— DATA TO USE —
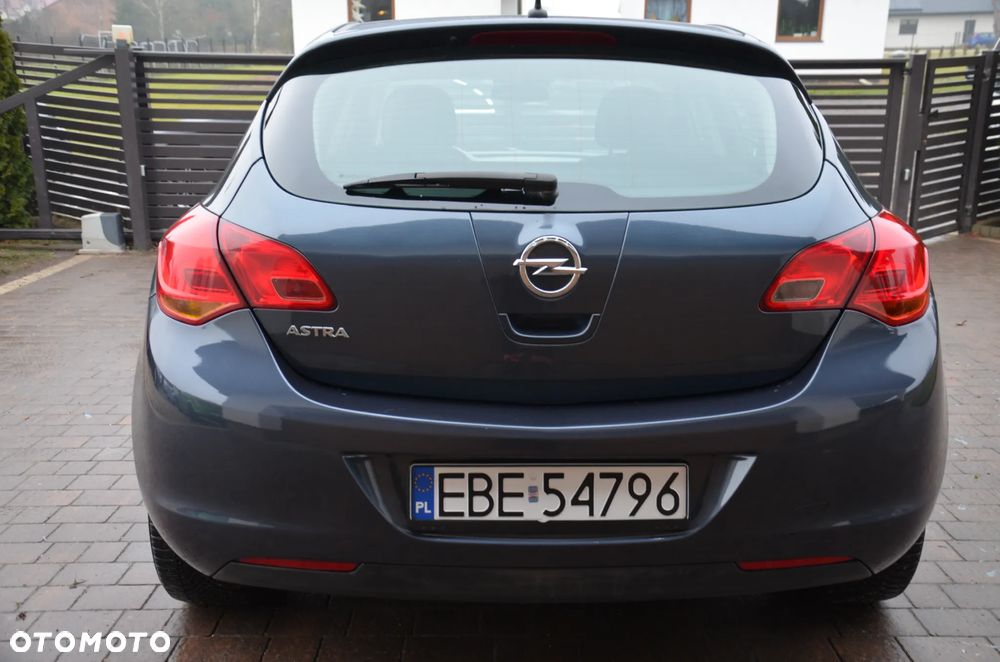 Opel Astra 1.6 150 Jahre - 8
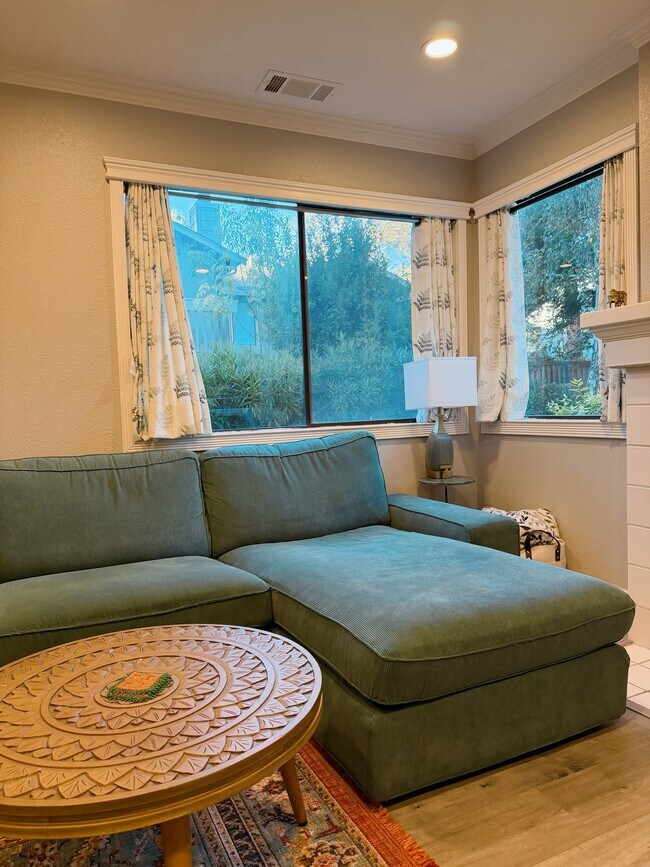 Foto del edificio - 34736 Tuxedo Cmn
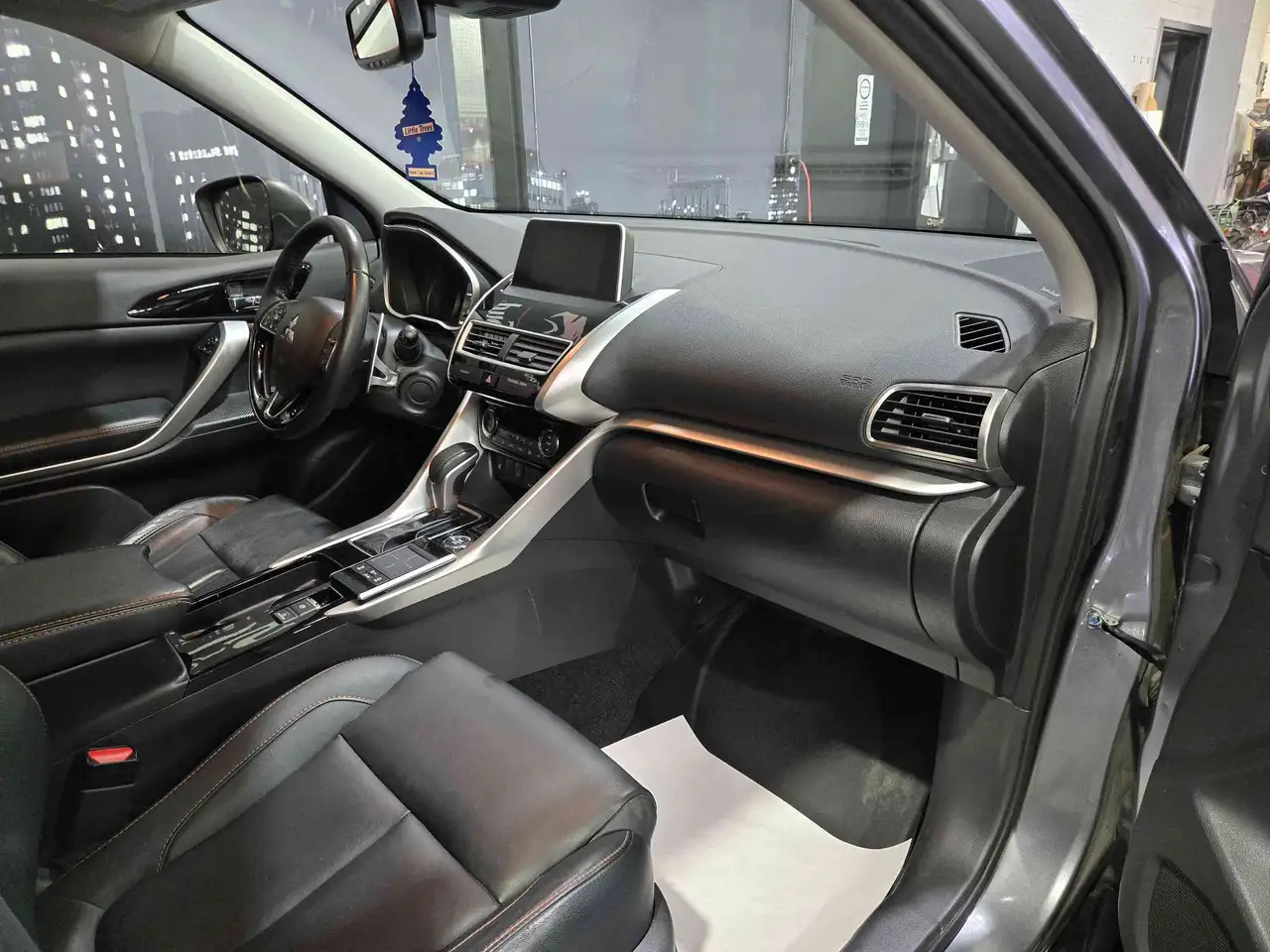 Mitsubishi Eclipse Cross fotografie Mitsubishi Eclipse Cross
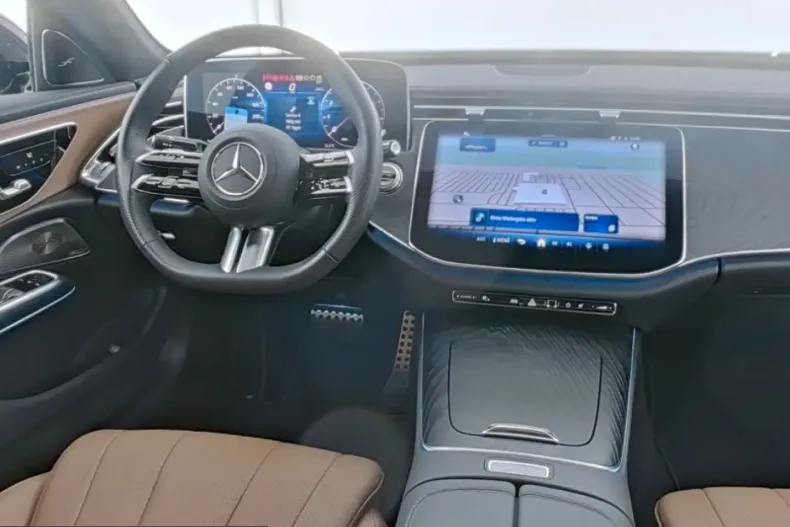 Mercedes-Benz E 450 (Clasa E) din 2025 cu 15.753 km - oferta MER261279 - foto 6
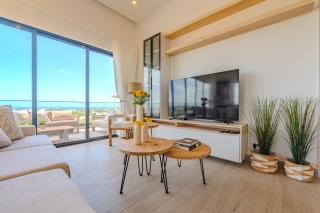 New! Luxury PH with Pool Golf & Ocean Views - 8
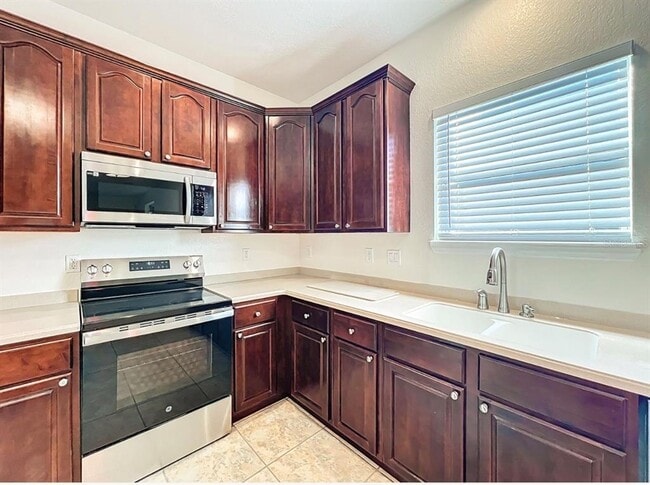 Building Photo - 10817 Masters Dr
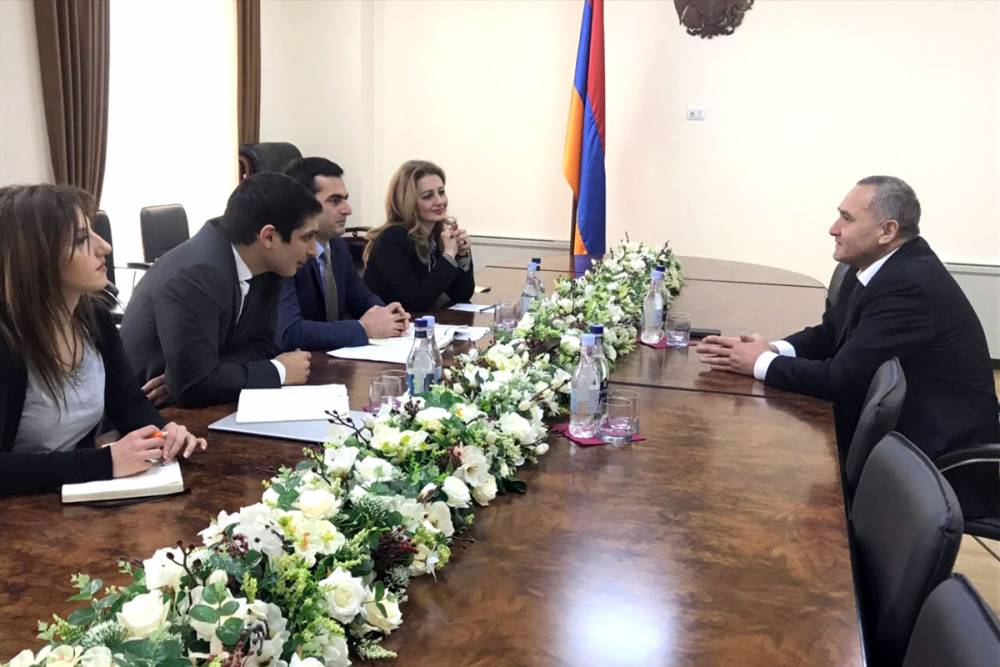 Նախարար Հակոբ Արշակյանը ընդունել է ԿՏՀ գլխավոր քարտուղար Նուրիդին Մուխիդինովին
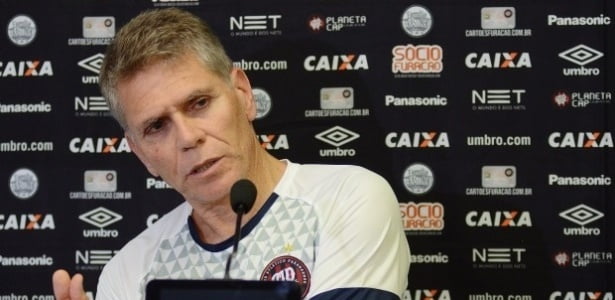 Dois funcionários conversando no trabalho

— WHAT TO DO —
Without including any pictures, reproduce the data exactly.

— RESPONSE TO THE TASK —
 Opel Astra 1.6 150 Jahre - 8
 Foto del edificio - 34736 Tuxedo Cmn
 Mitsubishi Eclipse Cross fotografie Mitsubishi Eclipse Cross
 Mercedes-Benz E 450 (Clasa E) din 2025 cu 15.753 km - oferta MER261279 - foto 6
 New! Luxury PH with Pool Golf & Ocean Views - 8
 Building Photo - 10817 Masters Dr
 Նախարար Հակոբ Արշակյանը ընդունել է ԿՏՀ գլխավոր քարտուղար Նուրիդին Մուխիդինովին
 Dois funcionários conversando no trabalho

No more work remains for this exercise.